WORK ORDER: Output the data below only from the line containing "map of restaurants, bars, coffee" up to and including the line containing "0.95 Carat Genuine", exact and with the pictures left out.

PROVIDED RECORDS:
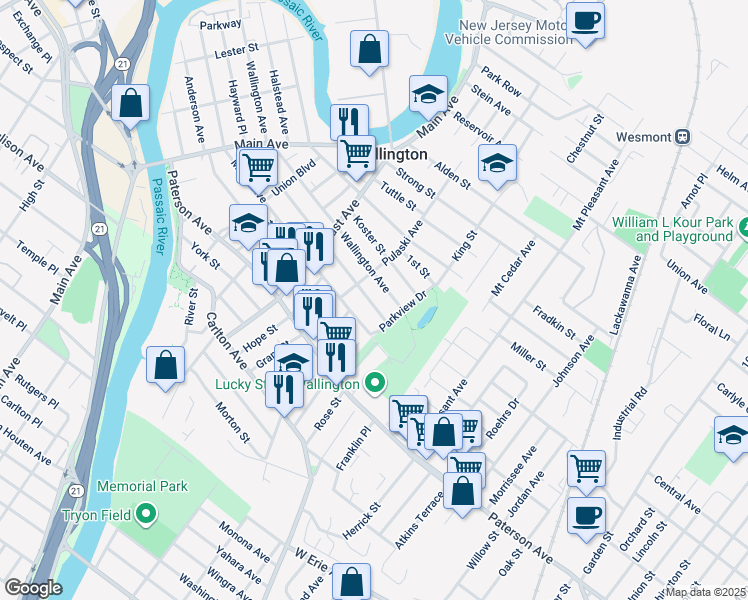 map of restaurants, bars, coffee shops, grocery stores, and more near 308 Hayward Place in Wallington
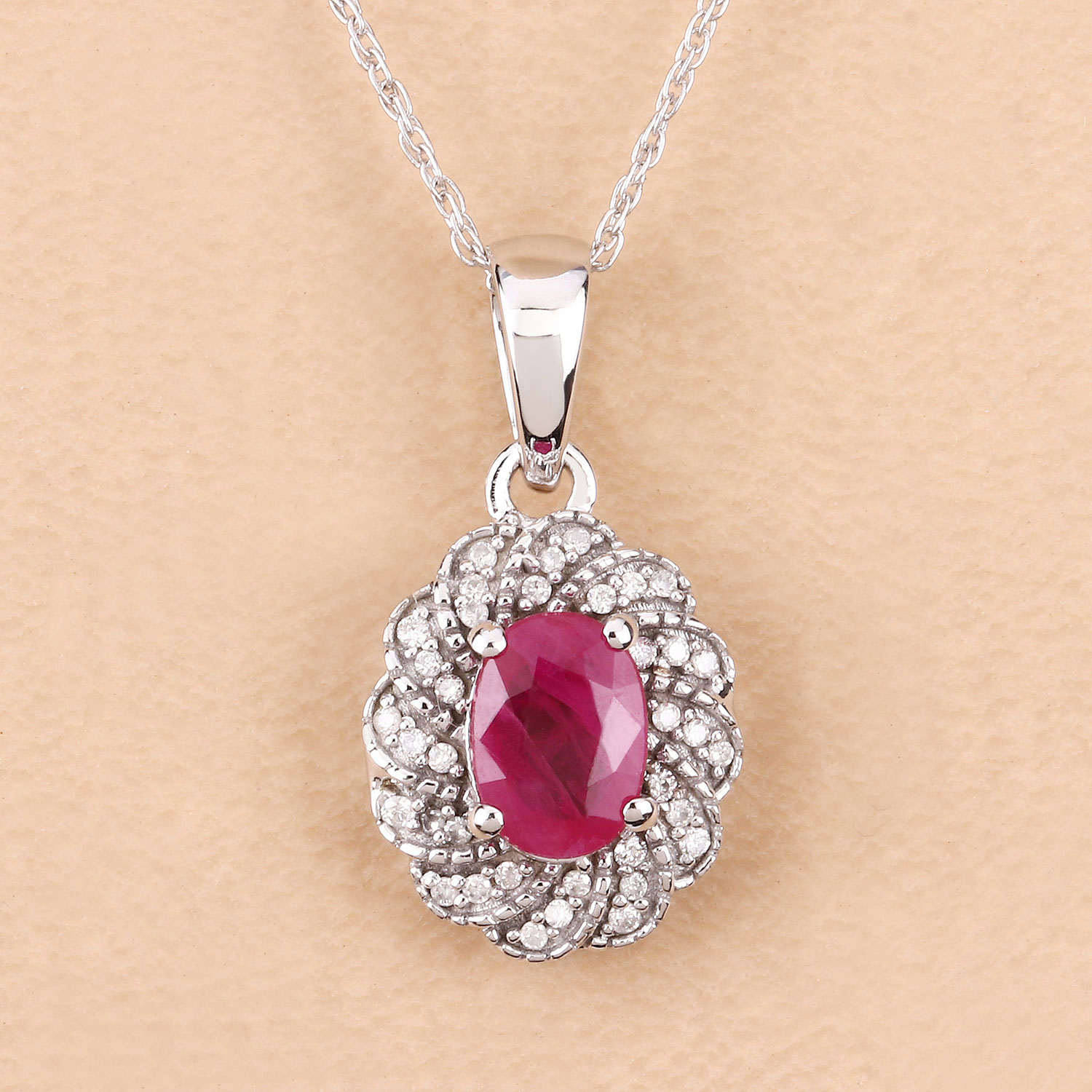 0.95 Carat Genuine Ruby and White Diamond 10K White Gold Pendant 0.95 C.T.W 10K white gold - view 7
...
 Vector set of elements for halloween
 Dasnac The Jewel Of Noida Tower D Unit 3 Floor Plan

RESULT:
 map of restaurants, bars, coffee shops, grocery stores, and more near 308 Hayward Place in Wallington
 0.95 Carat Genuine Ruby and White Diamond 10K White Gold Pendant 0.95 C.T.W 10K white gold - view 7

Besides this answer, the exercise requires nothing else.